KPK dibiarkan timpang
Ketika pimpinan KPK menyisakan empat orang, pemerintah tidak mengisi penggantinya. KPK pun dibiarkan timpang. Itu menunjukkan amanah yang diberikan kepada pemerintah untuk membuat tata kelola yang baik, termasuk memberantas korupsi, baik dari sisi penindakan maupun pencegahan, sudah tidak ada.
Persoalan tata kelola yang buruk itu juga dapat dilihat dari kasus korupsi yang terjadi pada proyek pembangunan menara base transceiver station (BTS) 4G Bakti Kementerian Komunikasi dan Informatika, Kementerian Pertanian, Asuransi Jiwasraya, Asabri, hingga kelangkaan minyak goreng.
Akibatnya, masyarakat menjadi jengkel dan marah sehingga malas untuk memusuhi korupsi. Apalagi, penegakan hukum terhadap korupsi hanya menjadi rutinitas. ”Tata kelola yang baik itu, sebagai bentuk awal pencegahan, tidak ada. Jadi, ya, rakyat jengkel sebenarnya. Terpaksa menelan mentah-mentah itu dari permisifnya,” kata Boyamin.
Baca juga: BPS: Masyarakat Semakin Menganggap Wajar Korupsi Kecil
Menurut Dekan Fakultas Hukum Universitas Brawijaya Aan Eko Widiarto, faktor paling mendasar yang menyebabkan IPAK menurun adalah kelembagaan penegakan hukum yang bermasalah. Indonesia sedang mengalami problem struktur hukum yang parah dalam penegakan korupsi.

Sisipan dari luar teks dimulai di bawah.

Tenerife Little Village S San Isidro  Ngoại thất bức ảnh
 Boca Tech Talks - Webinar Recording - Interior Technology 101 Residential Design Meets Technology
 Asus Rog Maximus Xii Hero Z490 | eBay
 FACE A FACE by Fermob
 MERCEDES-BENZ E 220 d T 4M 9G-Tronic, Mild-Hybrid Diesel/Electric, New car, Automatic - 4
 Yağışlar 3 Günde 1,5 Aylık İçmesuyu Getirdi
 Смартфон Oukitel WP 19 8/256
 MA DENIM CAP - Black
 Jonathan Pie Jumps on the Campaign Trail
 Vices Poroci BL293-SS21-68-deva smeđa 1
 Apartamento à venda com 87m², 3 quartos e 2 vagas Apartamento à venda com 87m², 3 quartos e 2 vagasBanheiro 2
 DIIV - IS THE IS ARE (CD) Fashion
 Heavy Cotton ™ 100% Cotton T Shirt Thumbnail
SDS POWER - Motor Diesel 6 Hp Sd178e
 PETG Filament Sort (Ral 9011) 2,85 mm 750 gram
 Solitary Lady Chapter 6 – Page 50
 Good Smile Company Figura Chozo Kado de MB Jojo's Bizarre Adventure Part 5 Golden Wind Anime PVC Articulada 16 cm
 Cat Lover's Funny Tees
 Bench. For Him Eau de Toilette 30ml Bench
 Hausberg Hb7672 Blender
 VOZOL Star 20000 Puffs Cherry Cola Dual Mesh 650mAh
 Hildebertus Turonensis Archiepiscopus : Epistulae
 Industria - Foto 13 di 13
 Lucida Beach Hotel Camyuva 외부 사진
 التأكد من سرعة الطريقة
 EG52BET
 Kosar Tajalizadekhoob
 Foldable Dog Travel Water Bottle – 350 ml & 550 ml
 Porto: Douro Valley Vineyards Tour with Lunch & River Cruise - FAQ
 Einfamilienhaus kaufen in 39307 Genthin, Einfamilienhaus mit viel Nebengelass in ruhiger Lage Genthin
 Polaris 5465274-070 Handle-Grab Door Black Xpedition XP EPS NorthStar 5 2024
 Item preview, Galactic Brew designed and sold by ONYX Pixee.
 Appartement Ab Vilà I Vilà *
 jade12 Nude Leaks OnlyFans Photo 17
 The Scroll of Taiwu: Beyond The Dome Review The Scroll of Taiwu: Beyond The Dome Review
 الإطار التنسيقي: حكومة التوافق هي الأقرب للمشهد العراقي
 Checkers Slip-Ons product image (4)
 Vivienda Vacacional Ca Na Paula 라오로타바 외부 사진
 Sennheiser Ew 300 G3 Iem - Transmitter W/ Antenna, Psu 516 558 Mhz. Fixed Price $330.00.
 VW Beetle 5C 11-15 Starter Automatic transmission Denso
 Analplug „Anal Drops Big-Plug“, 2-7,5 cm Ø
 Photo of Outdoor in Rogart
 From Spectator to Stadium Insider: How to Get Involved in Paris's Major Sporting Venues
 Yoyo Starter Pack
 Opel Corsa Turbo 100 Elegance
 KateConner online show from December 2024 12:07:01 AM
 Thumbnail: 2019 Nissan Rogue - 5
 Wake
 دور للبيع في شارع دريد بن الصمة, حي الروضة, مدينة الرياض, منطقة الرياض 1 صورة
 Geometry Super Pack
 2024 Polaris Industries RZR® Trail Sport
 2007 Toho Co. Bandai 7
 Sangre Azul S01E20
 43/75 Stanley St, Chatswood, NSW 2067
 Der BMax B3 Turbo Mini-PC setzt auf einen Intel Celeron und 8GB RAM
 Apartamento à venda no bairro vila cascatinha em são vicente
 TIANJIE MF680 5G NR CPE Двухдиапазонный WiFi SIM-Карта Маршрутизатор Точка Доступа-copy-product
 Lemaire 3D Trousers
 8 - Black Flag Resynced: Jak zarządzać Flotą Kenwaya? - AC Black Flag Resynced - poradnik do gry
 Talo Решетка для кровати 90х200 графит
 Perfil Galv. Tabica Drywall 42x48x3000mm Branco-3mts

”Kalau dalam istilah hukum, kita sebut dengan struktur hukum. Siapa ini struktur hukum? Struktur hukum ini adalah KPK itu sendiri,” kata Aan.
Masyarakat memahami peristiwa tindak pidana korupsi yang diduga dilakukan pimpinan KPK. Bahkan, proses penegakan hukumnya tidak tuntas yang ditunjukkan dengan sampai sekarang Firli masih bebas.
Belum lagi dengan berbagai persoalan di internal KPK lainnya, seperti pungutan liar di rumah tahanan KPK. Hal itu membuat kepercayaan publik terhadap penegakan hukum yang dilakukan KPK menjadi lemah.
Aan menegaskan, pemberantasan korupsi tidak hanya memerlukan kekuatan formal, tetapi juga moral. Dukungan masyarakat secara moral untuk pegawai KPK akan menjadi semangat yang tinggi dalam pemberantasan korupsi.
”Jadi, tidak cukup hanya formalitas adanya kewenangan, adanya pimpinan, adanya sarana-prasarana di KPK, tetapi mentalitas atau moralitas, kan, begitu. (Hal yang dibutuhkan adalah) membangun integritas para penegak hukum di KPK, baik pimpinan maupun pegawai KPK,” kata Aan.
Aan menjelaskan, persoalan struktur hukum merembet pada kultur hukum. Masyarakat menjadi abai dan terkesan permisif. Mereka tidak percaya penegak hukum bisa memberantas korupsi dengan baik.
Baca juga: Masyarakat Permisif terhadap Korupsi Kecil-kecilan
Oleh karena itu, saat ini harus ada perbaikan. Momentum seleksi calon pimpinan dan Dewan Pengawas KPK diharapkan bisa menghasilkan pimpinan dan pengawas yang baik serta berintegritas. Hal itu sudah terbukti ketika KPK mempunyai semangat dan mentalitas yang tinggi dalam memberantas korupsi serta berintegritas, pola pikir masyarakat bisa berubah untuk berani jujur dan melawan korupsi.